I have last version (126.96.36.199) of CPF installed in my Win 2003 Server (small install, with just 2 network cards and half a dozen contemporary users from the net).
I succeded to configure it quite well and it seems to be working fine. I just have a couple of problems …
even if, as far as I read, it should have been fixed in last version, my CPF continues to ask me to authorize programs accessing the net … even if I have already authorized and selected the REMEMBER box. This happens even with it’s own updater (CPF updater).
a user here told me that it is possible (i’d need it badly) to see a log of all the Blocked events (hopefully with time/date, reasons and action taken as it was in Sygate) … but I could not find this option. I mean i could not find how to see such a log file.

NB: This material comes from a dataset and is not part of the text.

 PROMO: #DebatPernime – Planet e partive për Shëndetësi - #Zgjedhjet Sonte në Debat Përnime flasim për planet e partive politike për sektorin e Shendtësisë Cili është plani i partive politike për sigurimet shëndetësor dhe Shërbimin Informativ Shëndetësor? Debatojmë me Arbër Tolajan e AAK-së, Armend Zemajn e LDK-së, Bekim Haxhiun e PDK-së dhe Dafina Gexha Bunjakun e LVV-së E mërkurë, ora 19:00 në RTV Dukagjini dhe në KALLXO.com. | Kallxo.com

Can you show us the types of popups you are seeing and the ones that CPF do not remember?
Your logs can be seen in Activity->Logs section. You can right click, export them to HTML sand send us so that we can understand what is going on.
I’m having the same problem, only for me it is Google Desktop that is causing the problem. I’m running XP Pro, with CPF 188.8.131.52 installed. I’ve even gone into the configuration and set “GoogleDesktopCrawl.exe” to be a trusted application. Another application causing this problem is the file “Gunbound.gme”, the application file of the online game Gunbound. I’ve created a log of today’s entries, if someone would assist me that would be awesome!
//Edit// Incidentally, the game Gunbound works, and as far as I can tell, Google Desktop works also, they’re just repeatedly asking for authorization. //Edit//
Yeah, the same with me … ALL programs work fine, after I authorize.
The problem is just that CPF does not rememeber that I’ve already authorized and keeps on asking me the same authorization every now and then.
Today it happened again, this time with Eudora, Svchost (twice), acrobat reader …
If you need any log or image of the popup or anything else to help you find the bug, just let mek now. I’m 100% available to help.
First we built the technology to catch all “possible” suspicious activity! Now we are making sure that the impact on the user is minimised by increasing the size of the “safelist” we have so that “in theory” you would never see a popup as long as the app is safe, yet we catch all the suspicious activity on the background! Best of both worlds!
So now we are creating the ability for users to submit multiple files for addition to safe list (after we checked it), and also optimising the code so that it will work efficiently (as we have a huge safe list it requires optimized method)
One of the behaviour analysis or something else (depending on type of attack) would detect this as a change - so CPF should alert to this change, right? If the user has not updated / modified this program they should realise it is suspicious.
Well I would agree that letting the firewall to determine what is safe is madness! We don’t let the firwall determine it, we let our Malware Research Dept who analyses these executables to decide whether they are safe or not. If they are found to be safe, then it gets added to the safe list.
Sygate was clever in this aspect … it made a sort of Checksum verification on “safe” programs at the moment in which they where identified as such … any change from that moment on (which could be a normal update or a virus attempting to take advantage of a “safe” program) was immediately alerted with full details and asked for a new authorization.
What I did not understand yet is why after I have authorized, say Eudora, and no update was applied, it keeps on asking me for authorization every now and then … not remembering i’ve already authorized that particular app !!